Francisco Almagro wrote the lyrics to S.M. El Viti; pasodoble torero, (Note: "S.M." stands for Su Majestad — "His Majesty" — and it is a play on his actual initials.) whose music was written by Manuel Villacañas and published by the Unión Musical Española in 1965. Also worth mentioning is the pasodoble Aquí está El Viti ("Here is El Viti") by the author Felipe Blanco Aguirre.
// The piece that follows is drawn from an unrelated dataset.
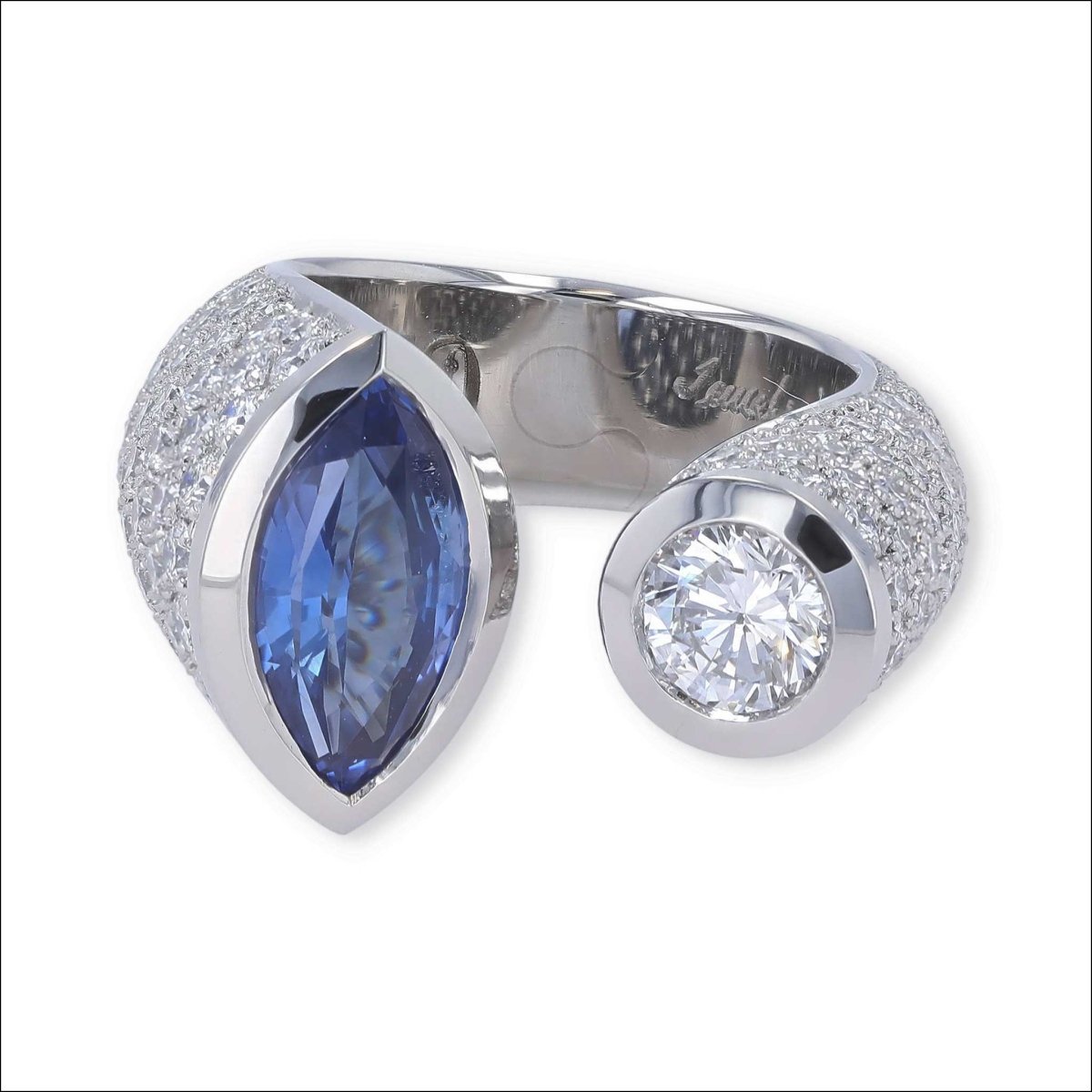 50th Anniversary Marquise Sapphire and Diamond Kissing Ring Platinum - Jewelsmith - Durham NC - Handcrafted - Rings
As for the world of jazz, in 1960, Duke Ellington recorded the arrangement for piano of El Viti, a song by jazz composer and musician Gerald Wilson. In 1966, jazz pianist Jack Wilson did a version of this on the trumpet called The Matador in El Viti's honour, which was the only song that he recorded with Duke Ellington's orchestra. Paul Gonsalves, another jazzman, recorded a further version of this song with Duke Ellington's orchestra in 1962, this time with the title El Matador: El Viti, which was published on the big band record Jazz Masters (100 Ans de Jazz).

== In legend ==
Bullfighting writer Paco Cañamero has argued that El Viti's legendary status rests on more than statistics: the 14 rides on shoulders through Las Ventas' Great Gate (plus two as a novillero). Instead, it rests on the mark he left on tauromachy as a bullfighter and as a person. Cañamero described him as a pillar of the 1960s, a decade when numerous bullfighters competed for top billing, and, alongside Diego Puerta and Paco Camino, part of what Cañamero called the "holiest trinity" of the bullfighting world.

==Distinctions==
In 1997, El Viti received the Medalla de Oro de las Bellas Artes (Gold Medal of the Fine Arts), awarded by Spain's Ministry of Culture.
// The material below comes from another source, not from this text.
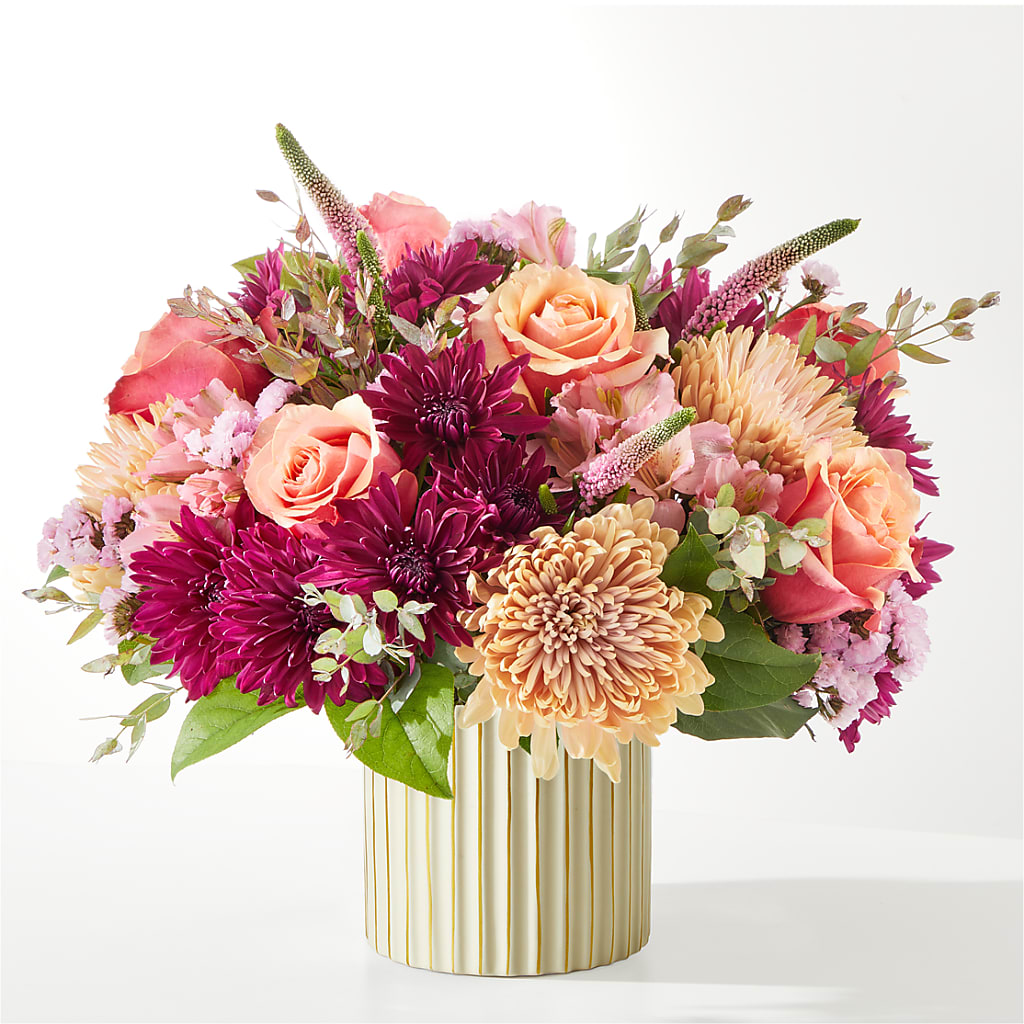 Berry Cobbler Bouquet with Ivory Vase – The Flower Shop, Sacramento CA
In 2009, he received the Premio de las Artes de Castilla y León (Castile and León Arts Prize) for his professional career as a bullfighter, "whose long career raised him to reach tauromachy's heights."

In 2011, he received the Medalla de Oro de la provincia de Salamanca (Gold Medal of the Province of Salamanca), awarded by the Salamanca Provincial Council for the support of the province's cultural development.

On 8 October 2015 in Valladolid, he received the Premio Tauromaquia de Castilla y León 2015 ("Castile and León Bullfighting Prize"), created by the Junta of Castile and León this same year, from Juan Vicente Herrera, who was then the junta's president.